Selon l'ex-consultant, inculpé pour espionnage aux États-Unis pour avoir divulgué des programmes américains de surveillance des communications, ce phénomène n'est «pas juste un problème américain».

«Le Royaume-Uni joue un rôle majeur», a déclaré Snowden, cité samedi par le Guardian. «Ils sont pires que les Américains», ajoute-t-il même à propos du Quartier général des communications du gouvernement (GCHQ), service britannique des écoutes.

Le GCHQ a quant à lui assuré respecter «scrupuleusement» la loi. «Nous ne faisons pas de commentaires sur les questions touchant au renseignement.
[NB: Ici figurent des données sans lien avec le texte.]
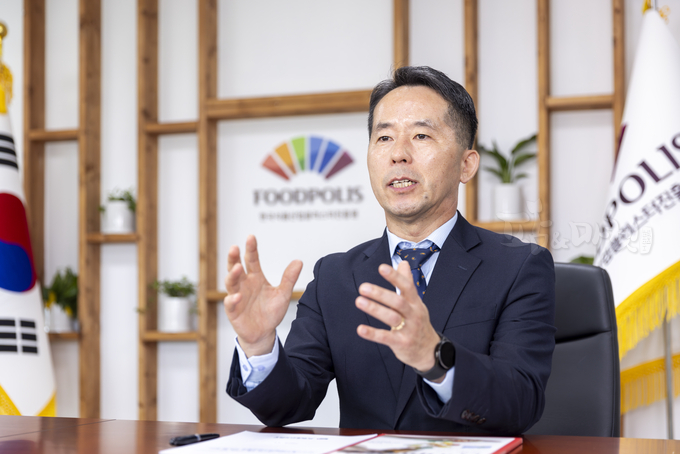 식품진흥원 김덕호 이사장.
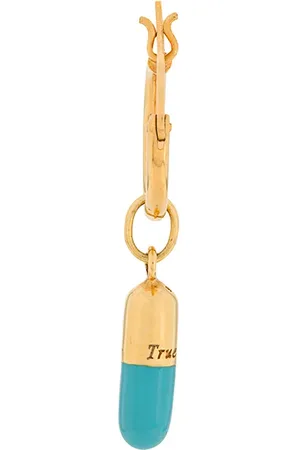 TRUE ROCKS Pill hoop earring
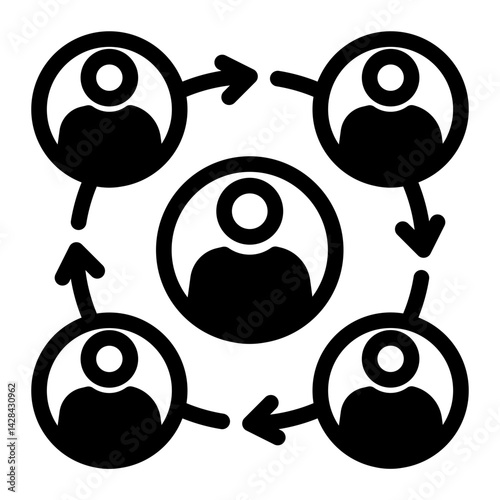 This is a Team icon from the Organization icon collection with Mixed style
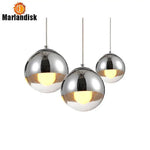 Design Led: Boule En Verre Et Chrome Luminaire Doré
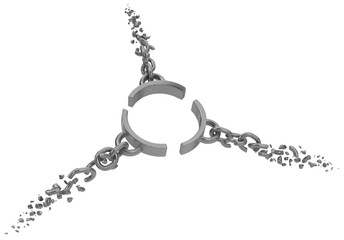 Shackle Chain Break Collar Ring
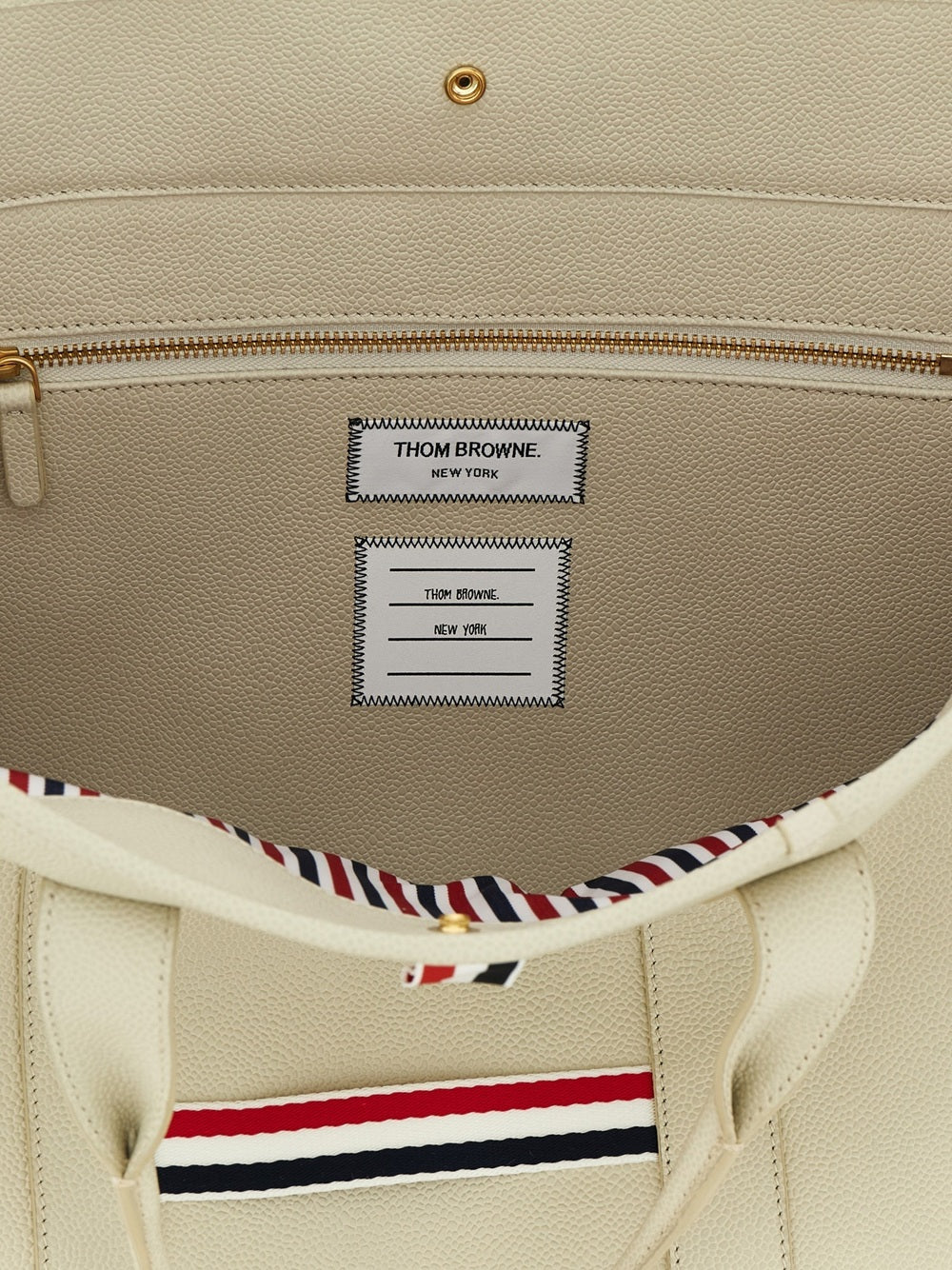 Thom Browne Women Medium Tool Bag With Perforated Hector In Grained Leather THOM BROWNE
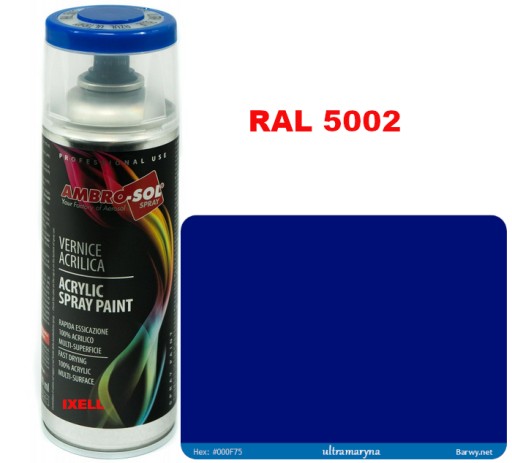 RAL 5002 AKRYLOVÝ LAK SPREJ modrý LESK 1233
Nos agences de renseignement continuent à agir en respectant un strict cadre légal», a déclaré une porte-parole de l'agence britannique, basée à Cheltenham (centre).

Selon le journal britannique, GCHQ a obtenu un accès aux câbles transatlantiques à fibres optiques qui permettent le trafic internet et les appels téléphoniques, par des «accords secrets» avec des entreprises privées, et partage les données ainsi rassemblées avec l'Agence de sécurité nationale américaine (NSA).

Les données récupérées peuvent être stockées pendant une période allant jusqu'à 30 jours par l'agence britannique à des fins d'analyse, dans le cadre d'une opération portant le nom de code «Tempora», qui a commencé il y a 18 mois, rapporte le journal.

Le directeur de la commission parlementaire britannique chargée du renseignement et de la sécurité, Malcolm Rifkind, a indiqué s'attendre à avoir une réponse de la part de GCHQ sur cette affaire dans les prochains jours.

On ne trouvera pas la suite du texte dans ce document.